Cascade Commentary

Who will be the next leader of the Conservative Party? Theresa May resigns sparking a new leadership contest

24 May 2019

Theresa May has today announced her resignation as of 7 June 2019 following a turbulent three years as Prime Minister. May's time in office has been dominated by negotiations surrounding the UK's vote to leave the European Union (EU) as Parliament remains unable to reach a consensus as to the way forward.

As a Remain voter, May came under significant pressure as she tried to unite her party while showing a hard line for delivering Brexit. In a heartfelt statement this morning, May said that she felt she had tried her best to deliver Brexit but conceded defeat and "deep regret" that she has been unable to do so. 

Her time in office has been marred by a series of troublesome decisions, including her decision to call a General Election in 2017 having repeatedly stated that she would not do so, which led to a reduced majority for the Conservative party in Parliament.
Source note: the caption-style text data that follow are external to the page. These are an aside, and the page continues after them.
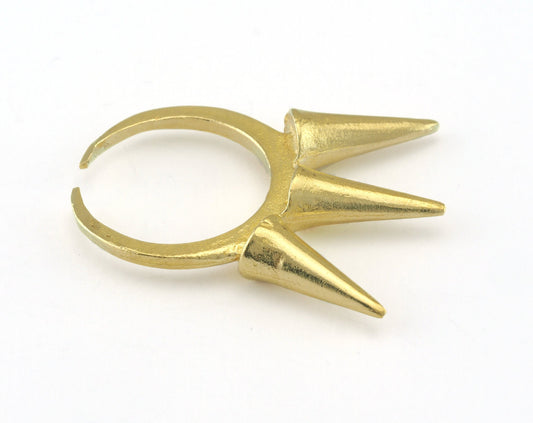 Spike Adjustable Ring Raw brass (18mm 8US inner size) OZ3244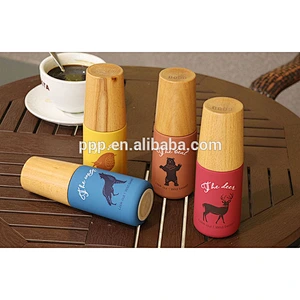 Double wall stainless steel heat transfer vacuum water bottle with wooden lid
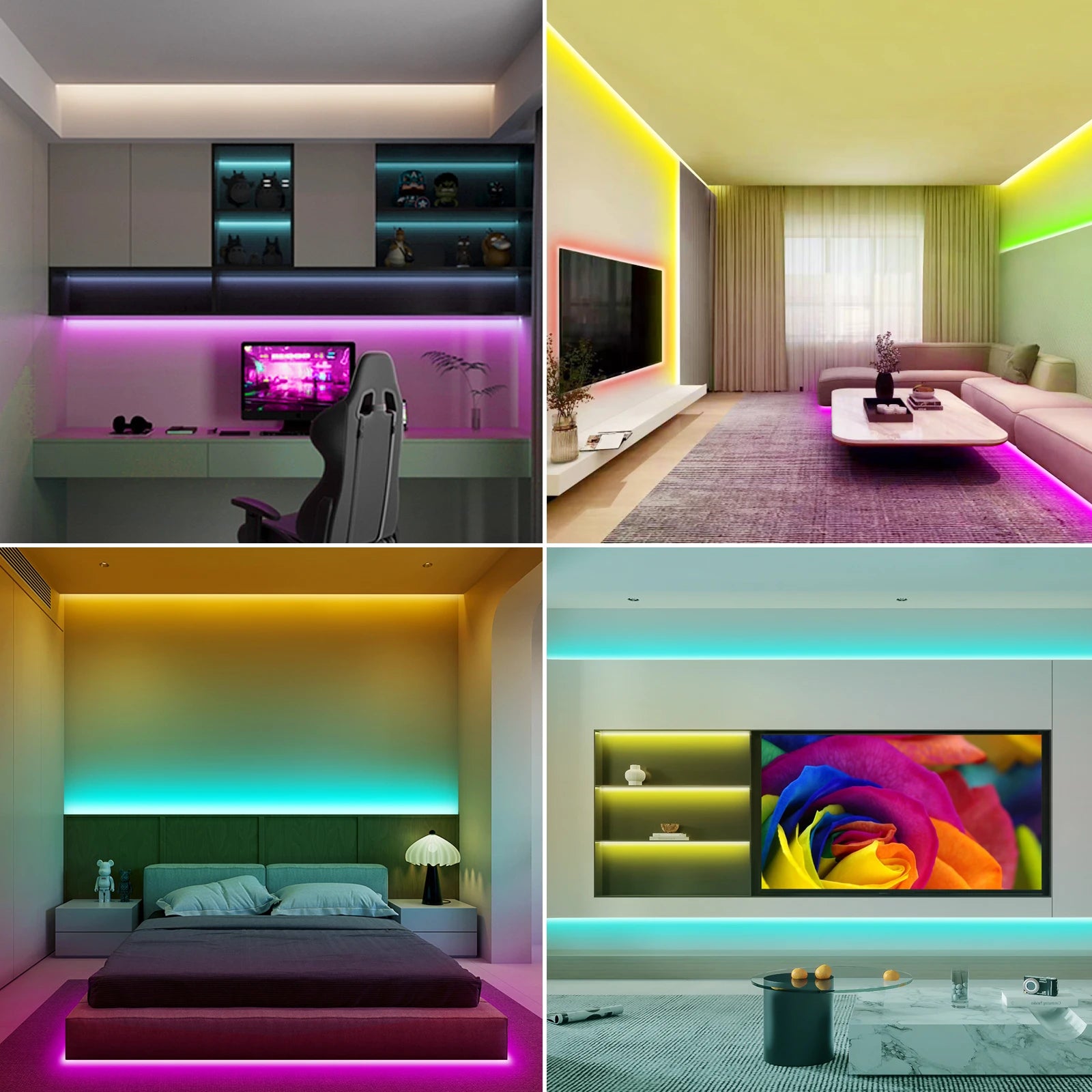 USB 1-5m LED Light Strip RGB Bluetooth 24keys Remote Control Sync with Music COB Linear Dimmable Tape Room TV Blacklight Decor Oasis Select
She faced the biggest ever government defeat earlier this year in a vote on her Brexit withdrawal agreement, losing by a 230 margin, and has been unable to garner support since despite further attempts to do so. 

While many share disappointment for May given the difficulty of the task at hand, the country nows looks forward and awaits the appointment of the new leader of the Conservative party as Prime Minister of the United Kingdom and Northern Ireland. A statement from the Conservative Party Chairman and the Backbench 1922 committee has indicated that nominations for a new leader will commence from 10 June 2019. Conservative party MP's will then whittle down the options through a series of votes to leave a choice between two candidates for party members to then vote for the new leader in July 2019 ahead of Parliament's summer recess. 
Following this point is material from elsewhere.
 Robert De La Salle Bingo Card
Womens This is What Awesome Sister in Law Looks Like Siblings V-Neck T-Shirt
So far, three Conservative Party members have announced their intention to run for the post including former Foreign Secretary Boris Johnson, former Work and Pensions Secretary Esther McVey and International Development Secretary Rory Stewart, although it is expected that many more will put themselves forward. 

Labour leader Jeremy Corbyn has called for an immediate general election in the aftermath of the appointment while Scotland's First Minister Nicola Sturgeon announced her worry at the prospect of an even more hardline Brexit path now being adopted with the potential for a very concerning "No Deal". 

In her resignation, May called for the next leader of the Conservative Party to continue in a spirit of compromise. Alongside the rest of the country, we will continue to watch closely as new leadership candidates put themselves forward for the post.